After Australia introduced plain packaging laws in 2012, opponents of the legislation argued it would lead to a number of unintended consequences, including:

  • the market would become flooded by cheap Asian brands
  • smokers would be more likely to buy illegal unbranded tobacco (including raw unbranded loose tobacco known locally in Australia as “chop-chop”)
  • smokers would be less likely to buy their cigarettes from smaller mixed businesses such as convenience stores and petrol stations, meaning that small businesses would suffer
  • But a new study conducted in Victoria, Australia, suggests these fears are unfounded.

 

Researchers compared the responses smokers gave in a telephone survey one year before the introduction of standardised packaging, with responses given one year after its introduction.

The study found no evidence the introduction of standardised packaging had changed the proportion of people purchasing from small mixed-business retailers, purchasing cheap brands imported from Asia, or using illicit tobacco.

But this study did not investigate whether there had been an increase in the use of counterfeit branded tobacco products. The researchers noted that smokers may be unaware they are smoking counterfeit products.

In conclusion, the study suggests there is no evidence for many of the “fears” proposed by opponents of standardised packaging.

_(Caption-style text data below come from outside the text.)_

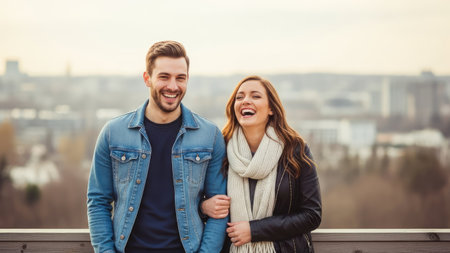 A smiling man and woman walk together outdoors, likely on a rooftop, with a blurred cityscape behind them. The couple is embraced in warm daylight. Their clothing suggests a casual outdoor setting. The image could be used for various commercial purposes, including lifestyle and relationship themes.の素材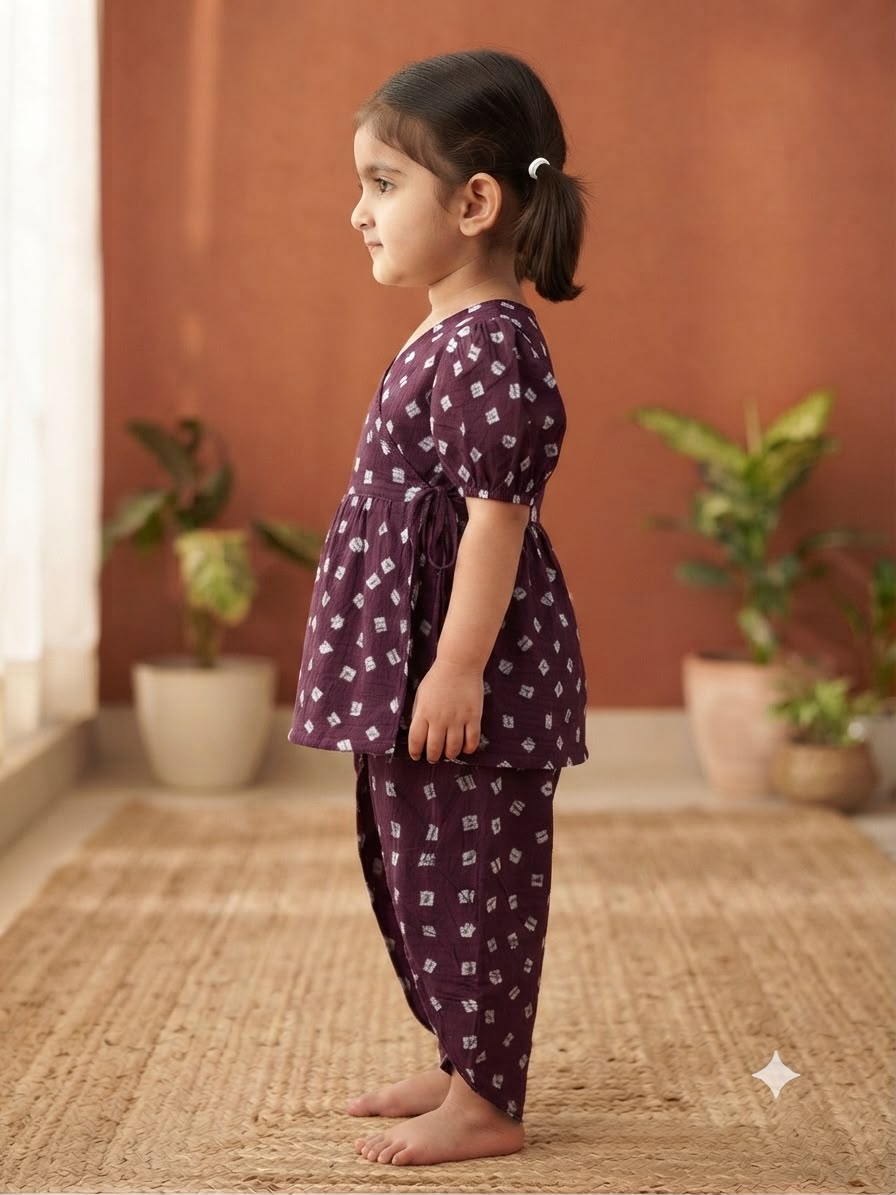 Cuddly Cubs Girls Plum Bandhani Angrakha & Tulip Pant Set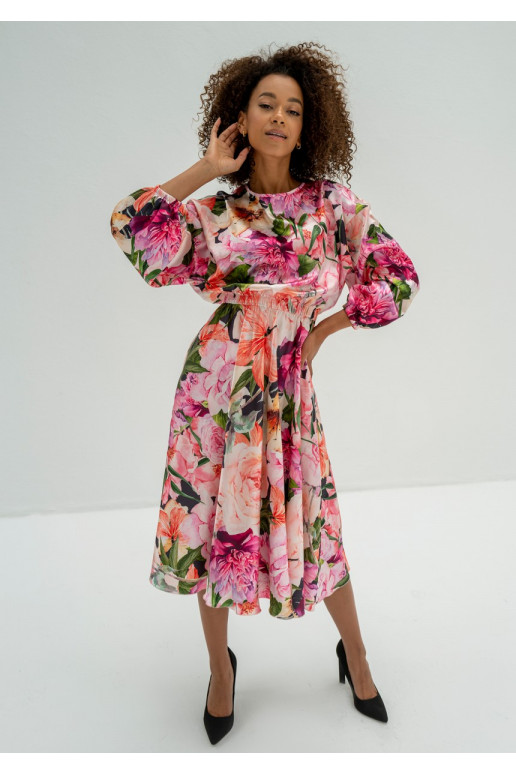 Elvire - Puķaini satīna midi kleita Elvire - Puķaini satīna midi kleita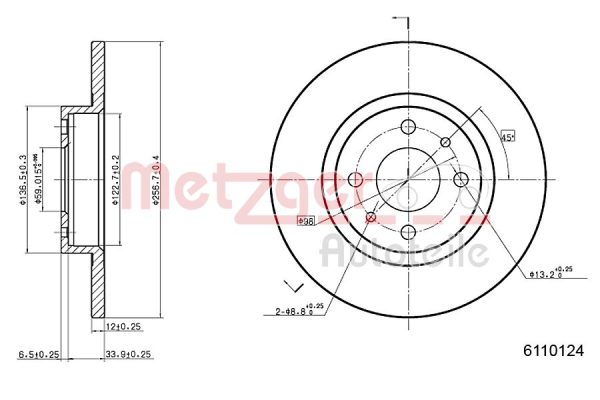 Disc frana FIAT 500 C (312_) 0.9 (312AG1A) benzina 86 cai METZGER 6110124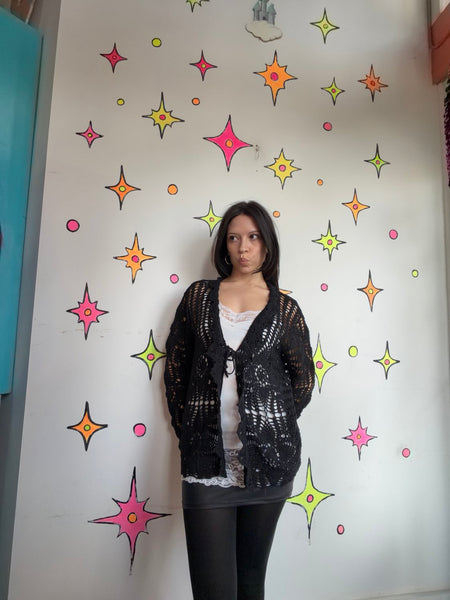 Black Crochet Cardigan Boho Whimsy Goth Fairy Festival Layering Sweater Large
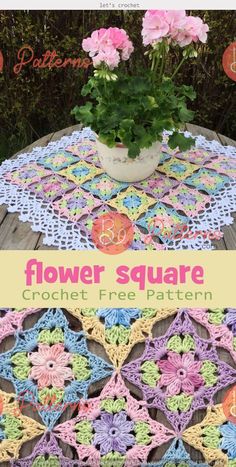 flower square crochet free pattern with potted plant and flowers in the background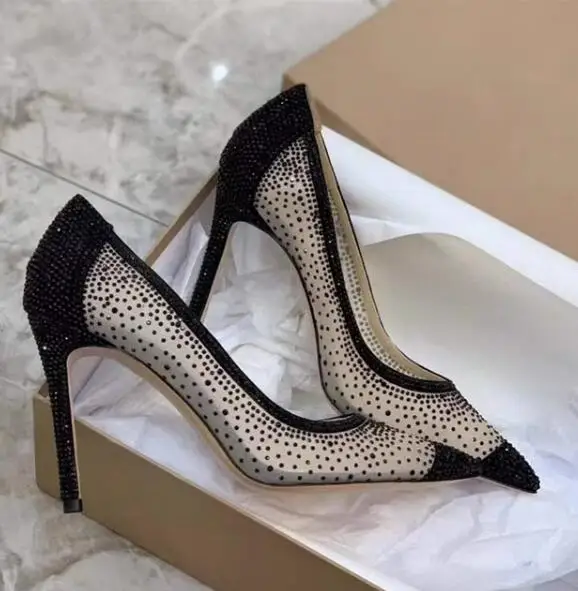 

Gold Black Rhinestone Mesh Patchwork Pumps Pointed Toe Woman High Heels Slip On Wedding Banquet Shoes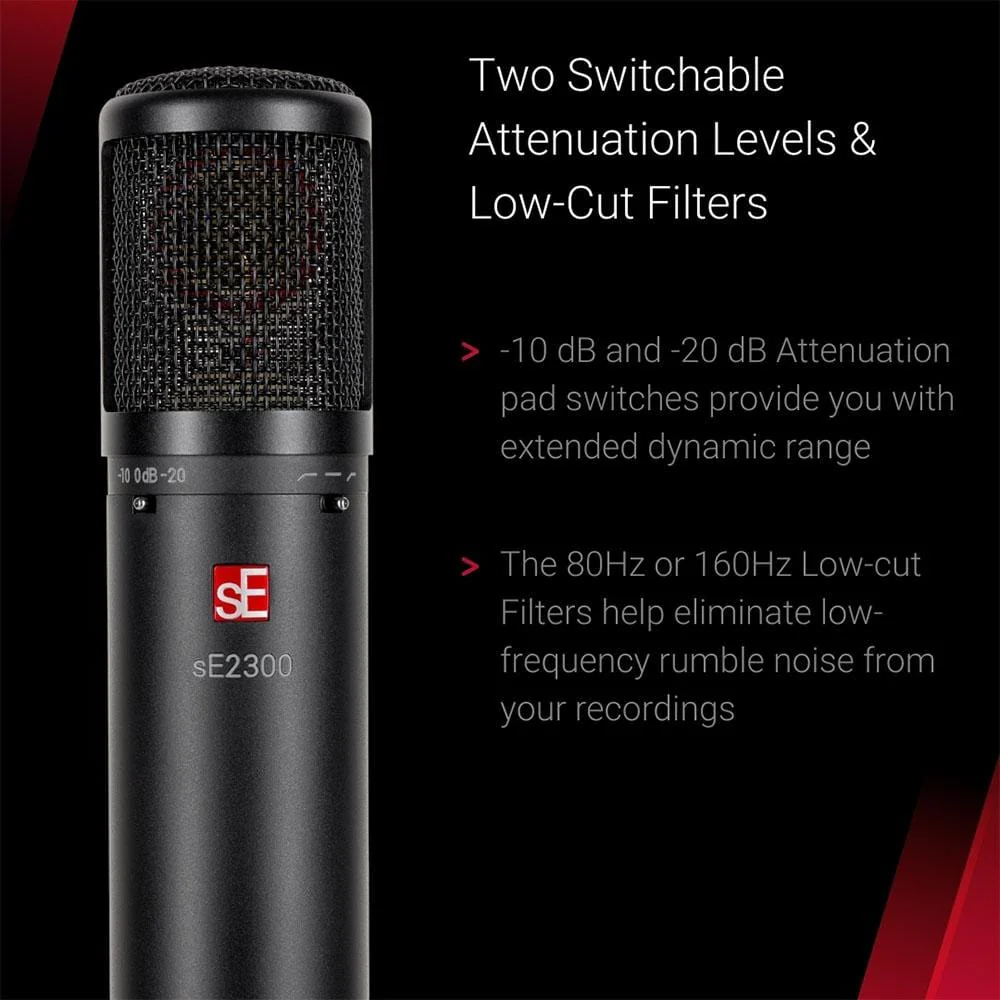 sE Electronics sE2300 Studio Condenser Microphone with Switchable Polar Patterns and Isolation Pack - Image 8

Where did the story come from?

The study was carried out by researchers from the Centre for Behavioural Research in Cancer in Melbourne, Australia.

It was supported by Quit Victoria, with funding from VicHealth and the Department of Health for the Victorian Smoking and Health annual survey.

The study was published in the peer-reviewed journal BMJ Open, which is open access, so the study can be read online or downloaded for free.